A relative of Sami Baloch, who has been missing for the last couple of years, told The Nation that Sami was innocent and a brilliant student in University of Balochistan who was “picked up” by state functionaries. “His mistake was only that he was raising voice politically against injustices with Balochistan but he was whisked away and was still missing,” he said, adding that “we appealed UN for exerting pressure on government for safe and early recovery of the missing persons”.
Sikander Shaheen from Islamabad adds: Immediately after arriving in Quetta, the UN team had reportedly approached Frontier Corps Balochistan Inspector General Major General Obaidullah Khattak through the FC’s Spokesperson Murtaza Baig with a ‘renewed’ request for a meeting appointment, which was reportedly declined straightway.
FC Balochistan Spokesperson Murtaza Baig however expressed ignorance about the UN delegation’s request, citing weekly holiday and refused to comment any further. “No comments. Today is our weekly holiday so I’m not in knowledge of anything that happened today,” he said when approached. But the UN officials quoted Baig as having conveyed to the Working Group members earlier that the FC IG was “very busy these days and we would get back to you in case General Sahib agrees for a meeting”.
Talking to The Nation, Talal Bugti confirmed having been approached by the WGEID delegates for a meeting in connection with the missing persons’ issue. “I’ll be more than happy to meet them. It’s time to tell the world that the state machinery in Balochistan; the FC and military intelligence agencies, are behind the kidnappings and killings of civilians. Balochistan is on fire lit by former dictator Musharraf. It is in state of war now. The international community and foreign powers have to play their role to stop bloodshed in Balochistan,” Bugti said.

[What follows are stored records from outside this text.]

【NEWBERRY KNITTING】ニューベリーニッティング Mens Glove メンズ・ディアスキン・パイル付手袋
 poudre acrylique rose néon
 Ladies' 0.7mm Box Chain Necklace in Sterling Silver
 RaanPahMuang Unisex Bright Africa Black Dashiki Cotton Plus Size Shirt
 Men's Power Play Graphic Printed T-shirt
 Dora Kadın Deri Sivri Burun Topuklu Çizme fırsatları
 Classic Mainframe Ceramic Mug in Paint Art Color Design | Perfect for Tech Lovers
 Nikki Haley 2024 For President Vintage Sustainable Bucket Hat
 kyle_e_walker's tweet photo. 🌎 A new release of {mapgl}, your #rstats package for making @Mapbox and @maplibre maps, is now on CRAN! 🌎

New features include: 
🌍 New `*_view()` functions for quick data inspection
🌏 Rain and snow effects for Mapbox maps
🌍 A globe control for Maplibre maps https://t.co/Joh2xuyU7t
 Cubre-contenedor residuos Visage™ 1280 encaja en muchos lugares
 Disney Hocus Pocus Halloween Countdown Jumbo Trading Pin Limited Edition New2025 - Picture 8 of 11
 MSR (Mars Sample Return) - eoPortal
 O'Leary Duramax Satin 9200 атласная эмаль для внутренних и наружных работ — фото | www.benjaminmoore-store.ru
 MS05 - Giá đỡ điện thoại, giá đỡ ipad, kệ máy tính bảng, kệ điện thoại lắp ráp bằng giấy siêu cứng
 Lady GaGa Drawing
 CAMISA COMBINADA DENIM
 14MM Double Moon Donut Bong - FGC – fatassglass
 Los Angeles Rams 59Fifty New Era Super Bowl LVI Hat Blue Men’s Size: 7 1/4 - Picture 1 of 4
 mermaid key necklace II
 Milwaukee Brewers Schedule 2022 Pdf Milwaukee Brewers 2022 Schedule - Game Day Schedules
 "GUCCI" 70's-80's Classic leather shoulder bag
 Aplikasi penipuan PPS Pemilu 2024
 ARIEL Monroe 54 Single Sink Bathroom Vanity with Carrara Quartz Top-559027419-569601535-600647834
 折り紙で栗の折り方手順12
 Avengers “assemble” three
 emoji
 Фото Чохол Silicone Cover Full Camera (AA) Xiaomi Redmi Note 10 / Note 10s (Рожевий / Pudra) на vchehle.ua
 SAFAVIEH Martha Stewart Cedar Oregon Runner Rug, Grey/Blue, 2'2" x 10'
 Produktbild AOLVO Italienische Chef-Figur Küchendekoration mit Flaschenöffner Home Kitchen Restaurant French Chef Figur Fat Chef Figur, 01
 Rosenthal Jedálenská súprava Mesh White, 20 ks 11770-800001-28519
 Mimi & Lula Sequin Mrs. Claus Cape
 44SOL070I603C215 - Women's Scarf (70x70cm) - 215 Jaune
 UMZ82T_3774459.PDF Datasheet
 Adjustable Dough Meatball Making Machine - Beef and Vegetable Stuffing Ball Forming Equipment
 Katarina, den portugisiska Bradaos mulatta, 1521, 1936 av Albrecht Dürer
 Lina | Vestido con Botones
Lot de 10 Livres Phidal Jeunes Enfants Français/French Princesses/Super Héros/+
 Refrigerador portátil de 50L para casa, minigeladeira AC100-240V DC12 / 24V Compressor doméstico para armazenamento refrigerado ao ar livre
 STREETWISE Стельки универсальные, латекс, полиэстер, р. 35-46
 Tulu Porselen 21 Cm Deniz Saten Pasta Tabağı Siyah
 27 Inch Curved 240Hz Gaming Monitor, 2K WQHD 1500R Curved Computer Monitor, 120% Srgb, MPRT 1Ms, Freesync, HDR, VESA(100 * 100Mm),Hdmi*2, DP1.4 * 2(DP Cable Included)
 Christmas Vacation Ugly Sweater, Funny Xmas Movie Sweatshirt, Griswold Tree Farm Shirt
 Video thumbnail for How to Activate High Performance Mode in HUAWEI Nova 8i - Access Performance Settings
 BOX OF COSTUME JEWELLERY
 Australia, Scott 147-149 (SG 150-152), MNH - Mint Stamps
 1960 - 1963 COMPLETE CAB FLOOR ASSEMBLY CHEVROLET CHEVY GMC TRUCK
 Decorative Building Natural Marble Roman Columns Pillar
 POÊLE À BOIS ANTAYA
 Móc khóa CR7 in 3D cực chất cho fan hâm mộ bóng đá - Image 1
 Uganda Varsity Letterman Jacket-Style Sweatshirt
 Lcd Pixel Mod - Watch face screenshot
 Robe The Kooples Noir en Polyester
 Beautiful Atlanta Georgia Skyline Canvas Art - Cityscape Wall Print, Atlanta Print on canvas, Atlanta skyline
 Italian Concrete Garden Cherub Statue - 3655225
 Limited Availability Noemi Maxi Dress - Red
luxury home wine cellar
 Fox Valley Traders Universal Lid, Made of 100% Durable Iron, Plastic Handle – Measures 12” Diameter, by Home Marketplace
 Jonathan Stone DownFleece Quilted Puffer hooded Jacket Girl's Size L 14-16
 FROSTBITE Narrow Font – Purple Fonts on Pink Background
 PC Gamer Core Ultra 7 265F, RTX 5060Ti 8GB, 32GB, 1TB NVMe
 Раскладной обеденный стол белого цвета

Ali Ahmed Kurd advocate said that he was willing to meet the UN delegation if so requested. “I haven’t been contacted as yet but I’ll meet them if they need my help on the missing persons’ issue. This issue has become a serious problem in Balochistan. Abductions and killings of civilians should be stopped and culprits behind this melodrama should be taken to task, whether they are military intelligence people or anti-state elements,” he said.